Chinese researchers have successfully built an electromagnetic absorbing device for microwave frequencies. The device, made of a thin cylinder comprising 60 concentric rings of metamaterials, is capable of absorbing microwave radiation, and has been compared to an astrophysical black hole (which, in space, soaks up matter and light).
An omnidirectional perfect electromagnetic absorber may have many applications in science and engineering, such as cross-talk reduction in optoelectronic devices or solar light harvesting. However, in reality, few of the actual materials come close to 100 per cent absorption of electromagnetic waves from all directions. It is possible to reach near total absorption based on existing methods, but this is generally limited to a specific range of incidence angles.

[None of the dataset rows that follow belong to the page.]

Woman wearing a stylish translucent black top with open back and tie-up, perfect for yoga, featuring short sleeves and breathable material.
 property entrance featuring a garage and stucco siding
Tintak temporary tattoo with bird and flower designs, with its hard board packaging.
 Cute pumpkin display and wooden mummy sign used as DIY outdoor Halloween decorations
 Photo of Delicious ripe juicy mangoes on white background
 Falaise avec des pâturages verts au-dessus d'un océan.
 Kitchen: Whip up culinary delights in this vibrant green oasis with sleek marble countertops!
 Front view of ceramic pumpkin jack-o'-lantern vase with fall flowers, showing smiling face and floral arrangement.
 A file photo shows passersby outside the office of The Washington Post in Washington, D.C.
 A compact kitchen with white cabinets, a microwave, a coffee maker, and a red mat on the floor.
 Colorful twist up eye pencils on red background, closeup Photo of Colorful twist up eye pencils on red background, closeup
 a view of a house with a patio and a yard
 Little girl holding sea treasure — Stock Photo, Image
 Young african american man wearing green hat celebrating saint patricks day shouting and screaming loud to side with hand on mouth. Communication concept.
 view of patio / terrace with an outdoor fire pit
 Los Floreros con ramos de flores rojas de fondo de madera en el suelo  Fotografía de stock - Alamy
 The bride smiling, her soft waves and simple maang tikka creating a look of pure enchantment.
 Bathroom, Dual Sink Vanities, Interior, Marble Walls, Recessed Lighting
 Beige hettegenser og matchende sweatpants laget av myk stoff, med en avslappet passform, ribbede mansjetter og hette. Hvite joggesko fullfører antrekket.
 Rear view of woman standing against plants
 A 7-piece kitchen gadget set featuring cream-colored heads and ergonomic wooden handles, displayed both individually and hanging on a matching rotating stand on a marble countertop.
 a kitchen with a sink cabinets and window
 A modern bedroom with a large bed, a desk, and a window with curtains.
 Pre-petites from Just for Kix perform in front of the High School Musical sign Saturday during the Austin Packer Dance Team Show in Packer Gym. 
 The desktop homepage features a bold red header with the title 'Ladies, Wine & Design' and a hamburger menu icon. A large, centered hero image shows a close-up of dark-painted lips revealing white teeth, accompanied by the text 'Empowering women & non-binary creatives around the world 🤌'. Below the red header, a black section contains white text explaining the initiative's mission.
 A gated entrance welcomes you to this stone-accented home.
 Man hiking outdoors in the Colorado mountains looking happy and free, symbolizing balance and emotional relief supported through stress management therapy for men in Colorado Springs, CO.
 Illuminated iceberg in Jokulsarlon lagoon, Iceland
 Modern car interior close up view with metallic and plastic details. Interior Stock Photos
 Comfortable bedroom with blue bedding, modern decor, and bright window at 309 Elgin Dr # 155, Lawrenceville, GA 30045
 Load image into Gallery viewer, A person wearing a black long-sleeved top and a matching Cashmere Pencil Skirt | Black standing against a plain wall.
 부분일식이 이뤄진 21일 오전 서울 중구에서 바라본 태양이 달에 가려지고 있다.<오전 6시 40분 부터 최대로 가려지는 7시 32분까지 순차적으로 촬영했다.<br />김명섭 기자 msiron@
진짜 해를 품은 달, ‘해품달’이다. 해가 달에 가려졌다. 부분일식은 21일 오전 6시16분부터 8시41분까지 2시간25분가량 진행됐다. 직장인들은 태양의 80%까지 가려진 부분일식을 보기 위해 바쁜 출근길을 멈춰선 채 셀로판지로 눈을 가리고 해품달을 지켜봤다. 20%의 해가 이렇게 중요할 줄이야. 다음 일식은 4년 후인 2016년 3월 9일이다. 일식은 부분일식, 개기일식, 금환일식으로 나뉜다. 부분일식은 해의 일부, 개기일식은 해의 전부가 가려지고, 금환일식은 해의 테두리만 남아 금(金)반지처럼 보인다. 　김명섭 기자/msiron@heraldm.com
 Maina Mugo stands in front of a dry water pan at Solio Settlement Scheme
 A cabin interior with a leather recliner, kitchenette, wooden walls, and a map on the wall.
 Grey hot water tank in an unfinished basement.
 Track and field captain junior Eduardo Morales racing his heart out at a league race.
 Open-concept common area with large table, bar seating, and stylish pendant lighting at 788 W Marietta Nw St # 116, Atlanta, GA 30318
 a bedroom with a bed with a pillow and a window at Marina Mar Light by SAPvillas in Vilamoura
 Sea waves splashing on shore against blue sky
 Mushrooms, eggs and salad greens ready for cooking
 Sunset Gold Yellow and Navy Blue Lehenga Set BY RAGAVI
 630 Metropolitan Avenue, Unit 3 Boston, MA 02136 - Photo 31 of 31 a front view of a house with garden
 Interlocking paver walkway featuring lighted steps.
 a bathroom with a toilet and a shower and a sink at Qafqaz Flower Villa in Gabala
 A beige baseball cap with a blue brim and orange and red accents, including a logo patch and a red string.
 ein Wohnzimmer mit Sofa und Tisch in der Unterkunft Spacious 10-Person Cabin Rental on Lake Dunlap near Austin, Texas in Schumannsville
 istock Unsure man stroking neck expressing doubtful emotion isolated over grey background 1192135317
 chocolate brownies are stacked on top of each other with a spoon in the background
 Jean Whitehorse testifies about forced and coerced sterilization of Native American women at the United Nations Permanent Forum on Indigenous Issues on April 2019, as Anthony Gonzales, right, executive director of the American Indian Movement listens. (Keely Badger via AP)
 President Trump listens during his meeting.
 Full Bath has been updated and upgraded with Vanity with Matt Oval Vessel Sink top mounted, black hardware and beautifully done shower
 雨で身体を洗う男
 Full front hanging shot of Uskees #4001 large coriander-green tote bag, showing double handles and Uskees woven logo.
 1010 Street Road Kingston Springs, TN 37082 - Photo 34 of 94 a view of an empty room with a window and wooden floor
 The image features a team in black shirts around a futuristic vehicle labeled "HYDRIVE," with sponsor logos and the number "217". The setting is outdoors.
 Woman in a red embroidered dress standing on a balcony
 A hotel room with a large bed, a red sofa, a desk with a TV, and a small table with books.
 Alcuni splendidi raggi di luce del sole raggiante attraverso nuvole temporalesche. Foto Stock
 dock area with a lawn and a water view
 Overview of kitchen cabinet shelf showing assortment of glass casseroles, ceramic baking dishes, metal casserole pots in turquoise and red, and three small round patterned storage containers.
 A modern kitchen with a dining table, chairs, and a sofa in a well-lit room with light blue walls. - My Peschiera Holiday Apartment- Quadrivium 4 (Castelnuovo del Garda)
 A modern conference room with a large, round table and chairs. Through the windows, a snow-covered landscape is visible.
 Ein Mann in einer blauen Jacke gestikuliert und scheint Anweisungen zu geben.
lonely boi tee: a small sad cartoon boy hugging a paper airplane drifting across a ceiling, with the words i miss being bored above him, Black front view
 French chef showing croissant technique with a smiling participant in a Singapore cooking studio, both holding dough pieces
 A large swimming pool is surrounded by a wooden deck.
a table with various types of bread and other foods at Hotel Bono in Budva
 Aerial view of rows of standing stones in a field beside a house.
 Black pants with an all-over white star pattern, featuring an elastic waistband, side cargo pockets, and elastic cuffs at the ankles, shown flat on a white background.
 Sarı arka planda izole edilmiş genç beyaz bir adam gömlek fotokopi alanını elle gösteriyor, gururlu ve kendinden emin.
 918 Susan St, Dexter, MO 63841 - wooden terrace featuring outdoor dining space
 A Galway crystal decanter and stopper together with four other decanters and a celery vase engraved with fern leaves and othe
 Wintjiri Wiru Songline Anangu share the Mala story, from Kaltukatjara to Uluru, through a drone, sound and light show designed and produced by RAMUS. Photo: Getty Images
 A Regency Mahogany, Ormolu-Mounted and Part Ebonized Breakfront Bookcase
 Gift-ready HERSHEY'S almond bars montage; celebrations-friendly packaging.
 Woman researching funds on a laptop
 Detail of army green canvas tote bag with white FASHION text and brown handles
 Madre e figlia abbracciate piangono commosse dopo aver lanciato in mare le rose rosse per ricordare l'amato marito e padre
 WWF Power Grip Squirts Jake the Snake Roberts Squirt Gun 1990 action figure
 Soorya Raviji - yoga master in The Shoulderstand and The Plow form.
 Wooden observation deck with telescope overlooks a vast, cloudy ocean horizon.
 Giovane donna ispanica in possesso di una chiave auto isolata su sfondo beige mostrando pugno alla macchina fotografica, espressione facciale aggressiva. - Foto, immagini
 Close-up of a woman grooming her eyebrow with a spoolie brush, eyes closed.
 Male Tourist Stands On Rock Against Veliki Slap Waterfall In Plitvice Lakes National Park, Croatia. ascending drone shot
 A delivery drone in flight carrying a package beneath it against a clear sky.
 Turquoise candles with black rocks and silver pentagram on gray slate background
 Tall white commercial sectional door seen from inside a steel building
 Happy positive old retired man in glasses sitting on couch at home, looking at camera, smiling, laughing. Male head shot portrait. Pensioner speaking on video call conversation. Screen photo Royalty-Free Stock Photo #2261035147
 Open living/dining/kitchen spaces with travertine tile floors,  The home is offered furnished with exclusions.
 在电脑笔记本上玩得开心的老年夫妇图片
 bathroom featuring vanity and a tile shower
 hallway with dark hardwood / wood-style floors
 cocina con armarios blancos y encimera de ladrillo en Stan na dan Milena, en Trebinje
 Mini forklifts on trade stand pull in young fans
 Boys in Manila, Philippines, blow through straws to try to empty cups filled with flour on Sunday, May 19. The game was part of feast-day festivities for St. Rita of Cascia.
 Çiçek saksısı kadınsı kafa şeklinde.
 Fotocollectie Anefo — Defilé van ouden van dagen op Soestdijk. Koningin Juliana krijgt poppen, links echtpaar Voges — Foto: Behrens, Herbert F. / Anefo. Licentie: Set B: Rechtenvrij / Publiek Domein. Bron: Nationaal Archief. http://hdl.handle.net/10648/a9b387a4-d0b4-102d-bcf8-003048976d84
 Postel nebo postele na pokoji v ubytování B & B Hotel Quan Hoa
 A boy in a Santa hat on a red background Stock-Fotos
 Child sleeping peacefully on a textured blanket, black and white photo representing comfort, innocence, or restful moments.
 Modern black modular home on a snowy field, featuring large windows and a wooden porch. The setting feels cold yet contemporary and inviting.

Main results. In this work, we realize an omnidirectional electromagnetic absorber for the first time in the microwave frequencies, based on a previous theoretical work using non-magnetic metamaterials. We designed and fabricated the omnidirectional absorbing device using non-resonant metamaterials in the external layer and resonant metamaterials in the internal core, and measured the electric-field distributions using the planar-waveguide near-field scanning apparatus. Experimental results show good agreement with full-wave numerical simulations. Numerical results show that the absorption rate can reach 99 per cent in the microwave frequency.
Wider implications. The designed omnidirectional absorbing device can trap and absorb electromagnetic waves coming from all directions spirally inwards without any reflections due to the local control of electromagnetic fields. Hence it behaves like an ‘electromagnetic black body’ or an ‘electromagnetic black hole’ to some extent. Since the lossy core of the device can transfer the electromagnetic energies into heat energies, it is expected that the omnidirectional absorber could find important applications in thermal emitting and electromagnetic-wave harvesting. The more important message is that artificial metamaterials will prove remarkably more helpful and more useful for modern science and engineering.